Required action
Extract each line of the data and write it out again exactly.

Data records
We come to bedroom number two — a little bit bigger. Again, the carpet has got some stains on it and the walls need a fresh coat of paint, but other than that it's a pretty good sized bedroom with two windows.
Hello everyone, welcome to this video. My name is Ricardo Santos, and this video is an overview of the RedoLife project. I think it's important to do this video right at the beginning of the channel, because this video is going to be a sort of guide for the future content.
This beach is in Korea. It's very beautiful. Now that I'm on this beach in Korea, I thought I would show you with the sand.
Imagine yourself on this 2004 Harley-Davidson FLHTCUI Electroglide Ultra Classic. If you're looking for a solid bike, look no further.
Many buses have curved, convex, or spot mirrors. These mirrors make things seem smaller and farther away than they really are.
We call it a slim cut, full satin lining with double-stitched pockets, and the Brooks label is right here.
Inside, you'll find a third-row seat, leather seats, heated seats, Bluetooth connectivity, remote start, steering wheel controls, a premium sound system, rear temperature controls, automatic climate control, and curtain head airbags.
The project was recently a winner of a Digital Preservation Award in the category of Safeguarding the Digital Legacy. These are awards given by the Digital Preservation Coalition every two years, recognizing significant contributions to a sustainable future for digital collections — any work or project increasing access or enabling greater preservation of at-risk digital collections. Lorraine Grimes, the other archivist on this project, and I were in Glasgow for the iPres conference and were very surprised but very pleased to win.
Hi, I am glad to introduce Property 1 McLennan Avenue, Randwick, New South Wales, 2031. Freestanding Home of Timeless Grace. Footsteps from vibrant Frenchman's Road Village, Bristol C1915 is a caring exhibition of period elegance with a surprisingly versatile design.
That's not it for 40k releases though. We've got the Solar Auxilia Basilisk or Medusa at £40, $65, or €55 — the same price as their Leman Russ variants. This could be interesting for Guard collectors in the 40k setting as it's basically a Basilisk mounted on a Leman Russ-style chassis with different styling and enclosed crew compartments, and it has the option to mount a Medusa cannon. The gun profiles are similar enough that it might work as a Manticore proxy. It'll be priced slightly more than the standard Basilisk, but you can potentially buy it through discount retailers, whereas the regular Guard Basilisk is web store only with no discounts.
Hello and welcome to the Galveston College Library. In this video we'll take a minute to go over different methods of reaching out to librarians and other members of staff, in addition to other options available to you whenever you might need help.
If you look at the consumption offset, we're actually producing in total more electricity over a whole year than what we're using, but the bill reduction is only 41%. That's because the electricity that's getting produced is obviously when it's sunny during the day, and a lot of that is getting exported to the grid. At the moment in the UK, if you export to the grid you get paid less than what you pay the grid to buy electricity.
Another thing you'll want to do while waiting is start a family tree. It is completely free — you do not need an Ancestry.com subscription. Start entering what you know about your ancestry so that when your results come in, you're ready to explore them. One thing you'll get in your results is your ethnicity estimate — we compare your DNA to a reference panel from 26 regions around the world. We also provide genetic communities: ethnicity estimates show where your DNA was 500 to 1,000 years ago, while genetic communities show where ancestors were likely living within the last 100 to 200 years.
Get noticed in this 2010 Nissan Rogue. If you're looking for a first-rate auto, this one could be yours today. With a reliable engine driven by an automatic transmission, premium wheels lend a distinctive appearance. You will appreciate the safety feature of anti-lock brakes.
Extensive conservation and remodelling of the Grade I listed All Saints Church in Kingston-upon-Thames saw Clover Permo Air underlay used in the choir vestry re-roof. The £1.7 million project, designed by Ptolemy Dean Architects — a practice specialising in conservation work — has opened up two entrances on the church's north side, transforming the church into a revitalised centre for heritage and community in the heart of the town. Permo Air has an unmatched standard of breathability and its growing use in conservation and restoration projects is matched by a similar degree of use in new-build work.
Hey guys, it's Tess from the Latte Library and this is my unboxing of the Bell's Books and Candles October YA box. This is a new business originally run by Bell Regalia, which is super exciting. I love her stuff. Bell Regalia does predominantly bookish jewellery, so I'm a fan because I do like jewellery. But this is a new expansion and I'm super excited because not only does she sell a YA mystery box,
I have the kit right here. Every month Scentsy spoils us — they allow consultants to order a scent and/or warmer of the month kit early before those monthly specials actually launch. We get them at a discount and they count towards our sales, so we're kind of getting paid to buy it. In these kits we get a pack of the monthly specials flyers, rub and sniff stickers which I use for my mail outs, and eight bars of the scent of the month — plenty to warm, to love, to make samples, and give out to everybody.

Written response
We come to bedroom number two — a little bit bigger. Again, the carpet has got some stains on it and the walls need a fresh coat of paint, but other than that it's a pretty good sized bedroom with two windows.
Hello everyone, welcome to this video. My name is Ricardo Santos, and this video is an overview of the RedoLife project. I think it's important to do this video right at the beginning of the channel, because this video is going to be a sort of guide for the future content.
This beach is in Korea. It's very beautiful. Now that I'm on this beach in Korea, I thought I would show you with the sand.
Imagine yourself on this 2004 Harley-Davidson FLHTCUI Electroglide Ultra Classic. If you're looking for a solid bike, look no further.
Many buses have curved, convex, or spot mirrors. These mirrors make things seem smaller and farther away than they really are.
We call it a slim cut, full satin lining with double-stitched pockets, and the Brooks label is right here.
Inside, you'll find a third-row seat, leather seats, heated seats, Bluetooth connectivity, remote start, steering wheel controls, a premium sound system, rear temperature controls, automatic climate control, and curtain head airbags.
The project was recently a winner of a Digital Preservation Award in the category of Safeguarding the Digital Legacy. These are awards given by the Digital Preservation Coalition every two years, recognizing significant contributions to a sustainable future for digital collections — any work or project increasing access or enabling greater preservation of at-risk digital collections. Lorraine Grimes, the other archivist on this project, and I were in Glasgow for the iPres conference and were very surprised but very pleased to win.
Hi, I am glad to introduce Property 1 McLennan Avenue, Randwick, New South Wales, 2031. Freestanding Home of Timeless Grace. Footsteps from vibrant Frenchman's Road Village, Bristol C1915 is a caring exhibition of period elegance with a surprisingly versatile design.
That's not it for 40k releases though. We've got the Solar Auxilia Basilisk or Medusa at £40, $65, or €55 — the same price as their Leman Russ variants. This could be interesting for Guard collectors in the 40k setting as it's basically a Basilisk mounted on a Leman Russ-style chassis with different styling and enclosed crew compartments, and it has the option to mount a Medusa cannon. The gun profiles are similar enough that it might work as a Manticore proxy. It'll be priced slightly more than the standard Basilisk, but you can potentially buy it through discount retailers, whereas the regular Guard Basilisk is web store only with no discounts.
Hello and welcome to the Galveston College Library. In this video we'll take a minute to go over different methods of reaching out to librarians and other members of staff, in addition to other options available to you whenever you might need help.
If you look at the consumption offset, we're actually producing in total more electricity over a whole year than what we're using, but the bill reduction is only 41%. That's because the electricity that's getting produced is obviously when it's sunny during the day, and a lot of that is getting exported to the grid. At the moment in the UK, if you export to the grid you get paid less than what you pay the grid to buy electricity.
Another thing you'll want to do while waiting is start a family tree. It is completely free — you do not need an Ancestry.com subscription. Start entering what you know about your ancestry so that when your results come in, you're ready to explore them. One thing you'll get in your results is your ethnicity estimate — we compare your DNA to a reference panel from 26 regions around the world. We also provide genetic communities: ethnicity estimates show where your DNA was 500 to 1,000 years ago, while genetic communities show where ancestors were likely living within the last 100 to 200 years.
Get noticed in this 2010 Nissan Rogue. If you're looking for a first-rate auto, this one could be yours today. With a reliable engine driven by an automatic transmission, premium wheels lend a distinctive appearance. You will appreciate the safety feature of anti-lock brakes.
Extensive conservation and remodelling of the Grade I listed All Saints Church in Kingston-upon-Thames saw Clover Permo Air underlay used in the choir vestry re-roof. The £1.7 million project, designed by Ptolemy Dean Architects — a practice specialising in conservation work — has opened up two entrances on the church's north side, transforming the church into a revitalised centre for heritage and community in the heart of the town. Permo Air has an unmatched standard of breathability and its growing use in conservation and restoration projects is matched by a similar degree of use in new-build work.
Hey guys, it's Tess from the Latte Library and this is my unboxing of the Bell's Books and Candles October YA box. This is a new business originally run by Bell Regalia, which is super exciting. I love her stuff. Bell Regalia does predominantly bookish jewellery, so I'm a fan because I do like jewellery. But this is a new expansion and I'm super excited because not only does she sell a YA mystery box,
I have the kit right here. Every month Scentsy spoils us — they allow consultants to order a scent and/or warmer of the month kit early before those monthly specials actually launch. We get them at a discount and they count towards our sales, so we're kind of getting paid to buy it. In these kits we get a pack of the monthly specials flyers, rub and sniff stickers which I use for my mail outs, and eight bars of the scent of the month — plenty to warm, to love, to make samples, and give out to everybody.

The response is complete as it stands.